◆ Instructions for the task ◆
Return every entry exactly as it is written in the listing.

◆ Given records ◆
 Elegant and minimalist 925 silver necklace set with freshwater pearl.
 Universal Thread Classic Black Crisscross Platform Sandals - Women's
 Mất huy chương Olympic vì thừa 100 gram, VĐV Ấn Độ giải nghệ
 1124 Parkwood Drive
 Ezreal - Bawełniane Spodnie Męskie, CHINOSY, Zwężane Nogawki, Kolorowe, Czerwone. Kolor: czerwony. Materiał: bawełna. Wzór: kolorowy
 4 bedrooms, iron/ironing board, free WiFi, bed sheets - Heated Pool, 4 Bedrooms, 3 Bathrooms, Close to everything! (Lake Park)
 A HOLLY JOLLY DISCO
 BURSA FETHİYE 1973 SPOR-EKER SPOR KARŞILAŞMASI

◆ Solution for this task ◆
 Elegant and minimalist 925 silver necklace set with freshwater pearl.
 Universal Thread Classic Black Crisscross Platform Sandals - Women's
 Mất huy chương Olympic vì thừa 100 gram, VĐV Ấn Độ giải nghệ
 1124 Parkwood Drive
 Ezreal - Bawełniane Spodnie Męskie, CHINOSY, Zwężane Nogawki, Kolorowe, Czerwone. Kolor: czerwony. Materiał: bawełna. Wzór: kolorowy
 4 bedrooms, iron/ironing board, free WiFi, bed sheets - Heated Pool, 4 Bedrooms, 3 Bathrooms, Close to everything! (Lake Park)
 A HOLLY JOLLY DISCO
 BURSA FETHİYE 1973 SPOR-EKER SPOR KARŞILAŞMASI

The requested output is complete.